ACTION ITEM. Restate each entry exactly, without pictures.

Records excerpted from a collection
● ● ● ● ● ● ●

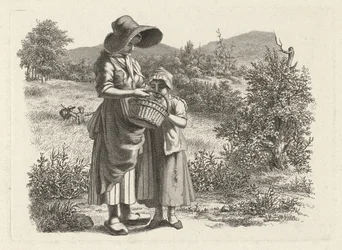 Mladá žena a dítě v košíku Studijní tisky / Etudes gravées (název série)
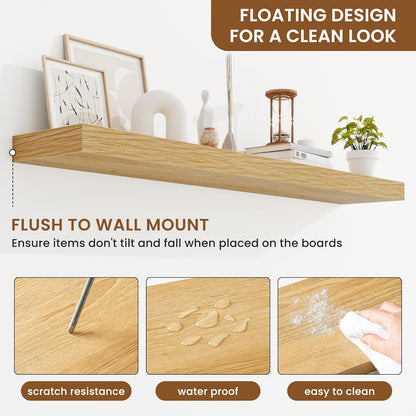 fuqing Floating Shelves for Wall, Bathroom Shelf Wall Mounted for Storage, Shelves with Invisible Bracket for Bedroom, Kitchen, Living Room, Farmhouse Small Book Shelf, 48 Inch Set of 2, Oak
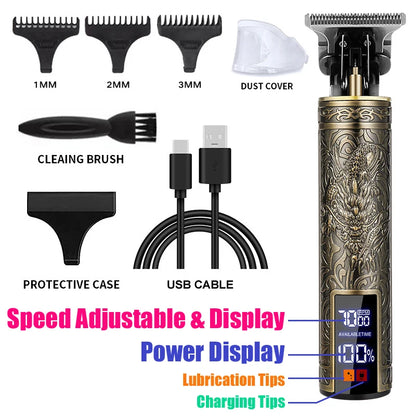 Vintage T9 Hair Clippers for Men Electric Beard Trimmer Kit with Long Battery Life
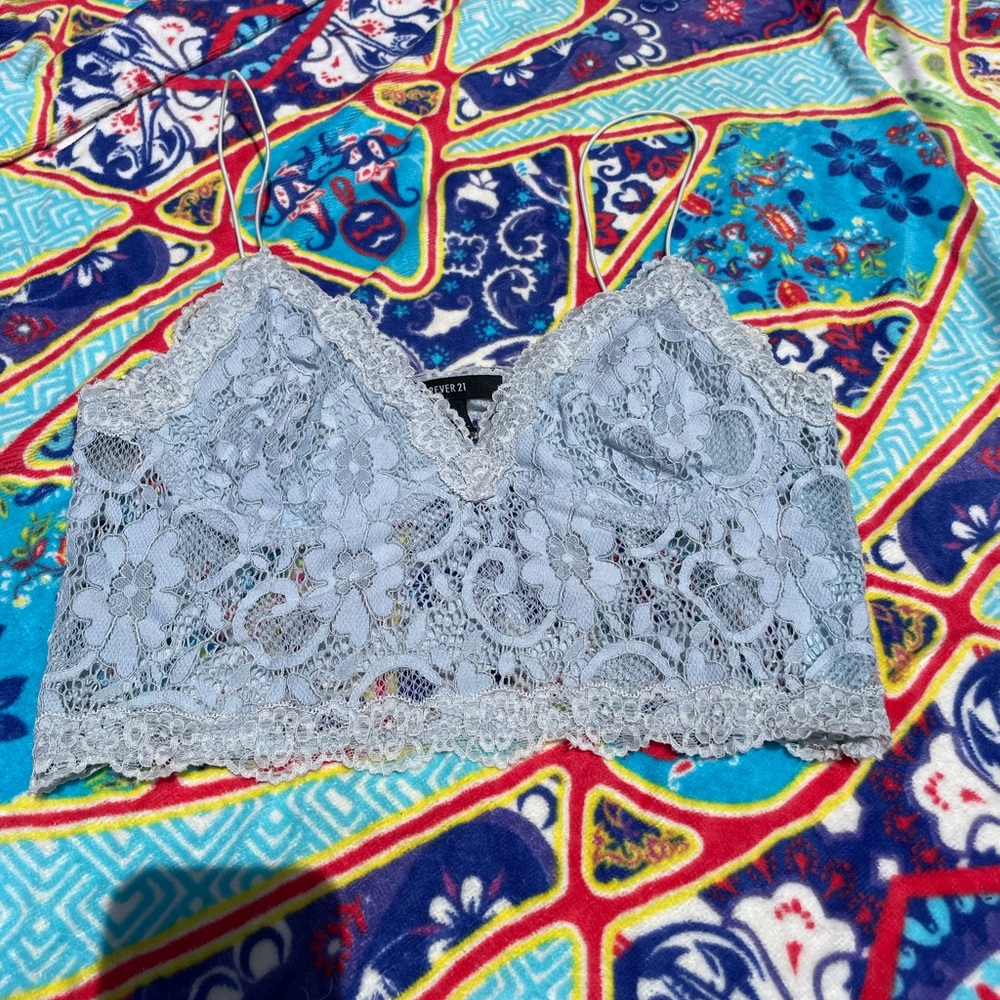 Lace crop top.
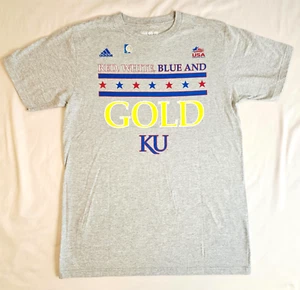 KANSAS JAYHAWKS "Red, White, Blue And GOLD" MEDIUM Gray ADIDAS Shirt - NEW - Picture 1 of 5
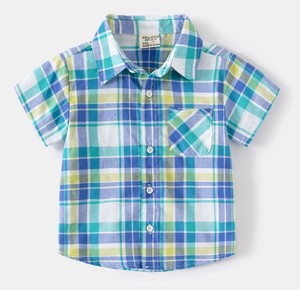 Camisa de manga corta a cuadros suave informal para niños para ropa de verano para niños Dropship - Product Image 6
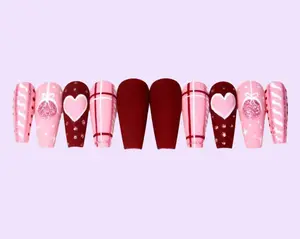 Aura Nails - Valentine's Day Press On Nails Long Coffin Love Design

● ● ● ● ● ● ●

ANSWER SPACE.
 Mladá žena a dítě v košíku Studijní tisky / Etudes gravées (název série)
 fuqing Floating Shelves for Wall, Bathroom Shelf Wall Mounted for Storage, Shelves with Invisible Bracket for Bedroom, Kitchen, Living Room, Farmhouse Small Book Shelf, 48 Inch Set of 2, Oak
 Vintage T9 Hair Clippers for Men Electric Beard Trimmer Kit with Long Battery Life
 Lace crop top.
 KANSAS JAYHAWKS "Red, White, Blue And GOLD" MEDIUM Gray ADIDAS Shirt - NEW - Picture 1 of 5
 Camisa de manga corta a cuadros suave informal para niños para ropa de verano para niños Dropship - Product Image 6
 Aura Nails - Valentine's Day Press On Nails Long Coffin Love Design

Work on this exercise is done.